Bullying incidents between students are well publicized. Less often though do we hear about the more discreet experience of professionals who suffer at the hands of a colleague. Statistics on the number of bullied teachers are hard to come by, but a 2010 study reveals that one in three teachers claim to have been bullied at school.
Many of us rack our brains trying to figure out why bullies do what they do. Are they threatened by us? Jealous, maybe? Do they victimize us because they were once victims? Trying to figure out “why” is exhausting and more often than not, futile. What you can control is how you react and whether or not you inadvertently feed a bully’s motivations. Below you will find a few strategies to help you disarm bullies.
Make an abrupt exit
Bullies count on their victim’s politeness and exploit it. There are simple ways that you can still be courteous and assertive. You may need to tailor your response to the situation, but try a variation on one of the below responses. In the middle of the confronter’s sentence, calmly and without emotion say,
“Excuse me, but I am expecting a phone call.”
“I’d like to talk more about this, but now is not a good time.”

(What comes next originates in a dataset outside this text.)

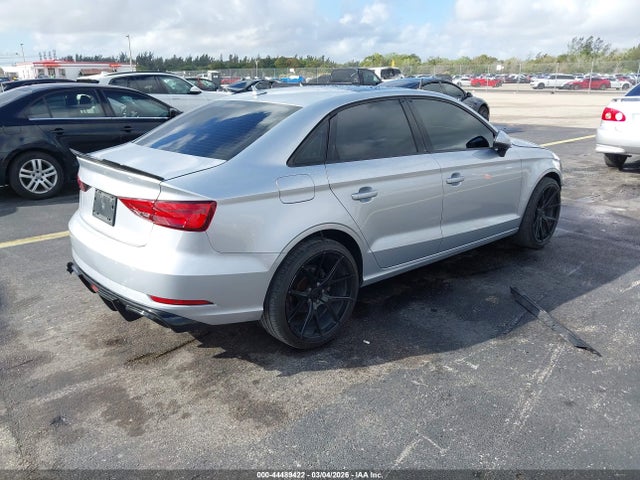 Продаж на аукціоні авто 2018 Audi A3 2.0t Premium/2.0t Tech Premium, vin: WAUAUGFF3J1091822, номер лоту: 44489422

If the confronter calms down and agrees to speak later, set up a specific time to speak. If he or she continues talking, calmly make your exit and say, “I’ll plan on speaking to you tomorrow at the agreed time.”
Why ask “Why?”
A more assertive approach is to repeatedly ask “Why?” You’ll want to vary the phrasing, but here are a few examples:
“What makes you say that?”
“I hear what you’re saying, but can you help me understand more?”
“When did you start feeling this way?”
“Can you be more specific about ________?”

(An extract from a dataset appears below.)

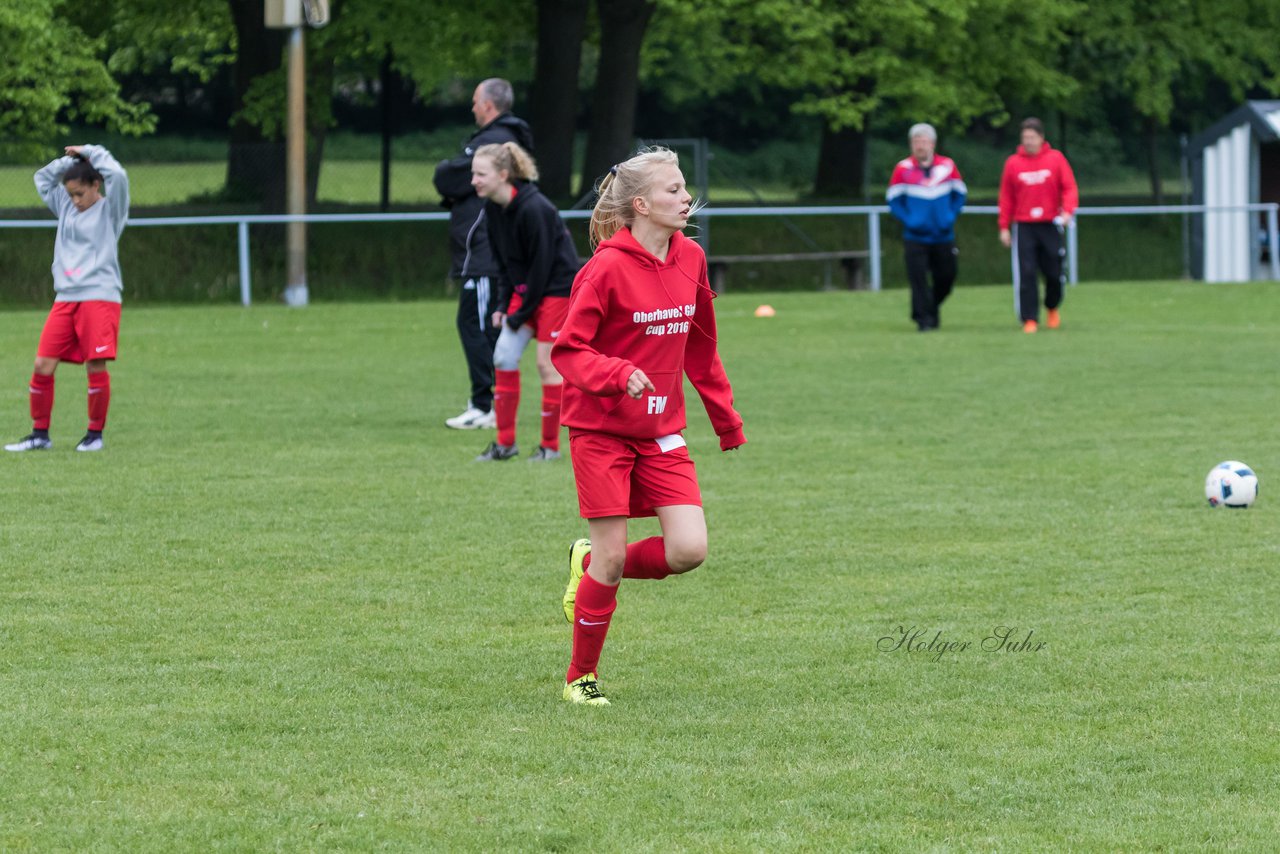 Bild 107 - wCJ SV Steinhorst/Labenz - VfL Oldesloe : Ergebnis: 18:0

“Can you define what you mean by ____________?”
Turn a one-sided confrontation into a conversation that you can continue to control with Socratic questions.

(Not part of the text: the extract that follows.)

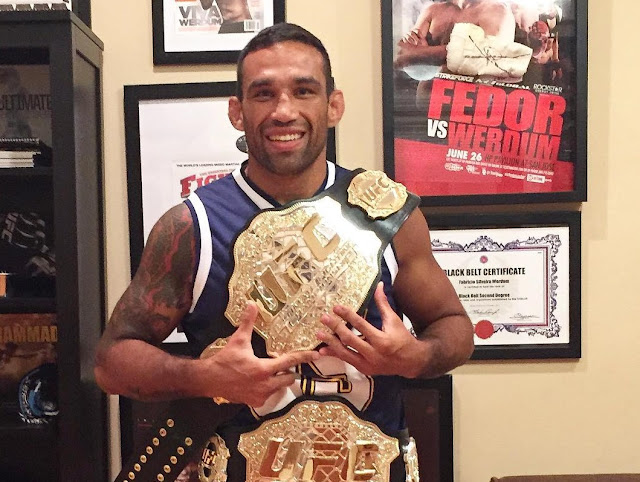 Fabricio Werdum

Use reflective listening techniques
Most psychologists use reflective listening techniques for a couple of reasons. First, because they let the client know that the psychologist is paying attention; second, they provoke clients into further developing their thoughts. All you have to do is paraphrase what the bully said and repeat it back to him or her.
“So what I’m hearing you say is that…”
“So you believe that I should be doing…”
“I want to make sure that I understand: You’re saying that…”
“So you feel that…”
Things not to do
Don’t act defensive: Acting defensive suggests that you did something wrong.
Don’t be timid: Timidity suggests that you are insecure and can be easily manipulated.
Don’t be fooled: Accepting what a bully says at face value will make you appear naïve.